■ Material for this task

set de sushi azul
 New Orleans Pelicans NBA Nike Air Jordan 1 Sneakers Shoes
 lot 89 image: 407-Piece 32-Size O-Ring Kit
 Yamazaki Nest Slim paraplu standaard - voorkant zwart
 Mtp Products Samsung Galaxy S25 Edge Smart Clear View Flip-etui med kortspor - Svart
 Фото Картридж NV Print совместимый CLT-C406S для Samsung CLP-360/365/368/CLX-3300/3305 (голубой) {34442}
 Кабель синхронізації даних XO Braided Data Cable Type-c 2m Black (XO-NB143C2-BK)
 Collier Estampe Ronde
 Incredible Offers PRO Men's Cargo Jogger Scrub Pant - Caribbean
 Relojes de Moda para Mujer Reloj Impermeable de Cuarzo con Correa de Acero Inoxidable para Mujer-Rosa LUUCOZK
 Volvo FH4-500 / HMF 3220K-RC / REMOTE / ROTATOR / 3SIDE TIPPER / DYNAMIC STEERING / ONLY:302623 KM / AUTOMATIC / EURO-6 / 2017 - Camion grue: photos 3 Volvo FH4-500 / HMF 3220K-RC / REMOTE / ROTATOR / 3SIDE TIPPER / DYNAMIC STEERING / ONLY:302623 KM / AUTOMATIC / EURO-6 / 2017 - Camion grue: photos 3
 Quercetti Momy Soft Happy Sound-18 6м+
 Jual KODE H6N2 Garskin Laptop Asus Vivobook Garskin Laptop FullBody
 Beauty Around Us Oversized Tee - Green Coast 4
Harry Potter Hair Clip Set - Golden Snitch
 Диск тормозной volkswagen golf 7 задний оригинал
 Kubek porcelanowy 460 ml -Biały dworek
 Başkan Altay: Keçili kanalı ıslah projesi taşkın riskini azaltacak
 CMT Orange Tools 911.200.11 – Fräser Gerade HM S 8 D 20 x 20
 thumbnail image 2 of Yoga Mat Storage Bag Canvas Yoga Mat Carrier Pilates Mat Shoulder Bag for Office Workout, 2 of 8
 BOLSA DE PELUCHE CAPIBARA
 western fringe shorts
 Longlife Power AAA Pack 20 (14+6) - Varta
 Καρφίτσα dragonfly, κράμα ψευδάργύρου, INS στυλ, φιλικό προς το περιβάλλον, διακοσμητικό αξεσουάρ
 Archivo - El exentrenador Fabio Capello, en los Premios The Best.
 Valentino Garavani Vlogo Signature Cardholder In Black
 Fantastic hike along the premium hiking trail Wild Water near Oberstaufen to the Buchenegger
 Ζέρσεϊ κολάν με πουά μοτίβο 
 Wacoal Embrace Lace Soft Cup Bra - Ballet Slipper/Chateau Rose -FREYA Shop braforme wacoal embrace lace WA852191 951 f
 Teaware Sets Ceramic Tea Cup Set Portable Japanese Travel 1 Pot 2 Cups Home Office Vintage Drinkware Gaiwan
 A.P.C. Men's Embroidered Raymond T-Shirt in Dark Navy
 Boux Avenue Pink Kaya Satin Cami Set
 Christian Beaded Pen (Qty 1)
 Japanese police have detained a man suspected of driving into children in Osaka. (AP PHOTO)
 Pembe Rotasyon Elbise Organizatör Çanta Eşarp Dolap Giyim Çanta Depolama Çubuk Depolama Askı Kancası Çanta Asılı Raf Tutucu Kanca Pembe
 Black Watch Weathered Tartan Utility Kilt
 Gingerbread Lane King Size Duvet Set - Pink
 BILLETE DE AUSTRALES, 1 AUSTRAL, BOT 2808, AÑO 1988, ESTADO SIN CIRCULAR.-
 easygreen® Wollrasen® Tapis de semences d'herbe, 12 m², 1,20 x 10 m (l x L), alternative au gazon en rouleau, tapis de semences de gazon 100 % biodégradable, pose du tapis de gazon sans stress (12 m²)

■ What you need to do
Reproduce only the lines running from the one that contains "Pembe Rotasyon Elbise" to the last line of the records.

■ Answer for the task
 Pembe Rotasyon Elbise Organizatör Çanta Eşarp Dolap Giyim Çanta Depolama Çubuk Depolama Askı Kancası Çanta Asılı Raf Tutucu Kanca Pembe
 Black Watch Weathered Tartan Utility Kilt
 Gingerbread Lane King Size Duvet Set - Pink
 BILLETE DE AUSTRALES, 1 AUSTRAL, BOT 2808, AÑO 1988, ESTADO SIN CIRCULAR.-
 easygreen® Wollrasen® Tapis de semences d'herbe, 12 m², 1,20 x 10 m (l x L), alternative au gazon en rouleau, tapis de semences de gazon 100 % biodégradable, pose du tapis de gazon sans stress (12 m²)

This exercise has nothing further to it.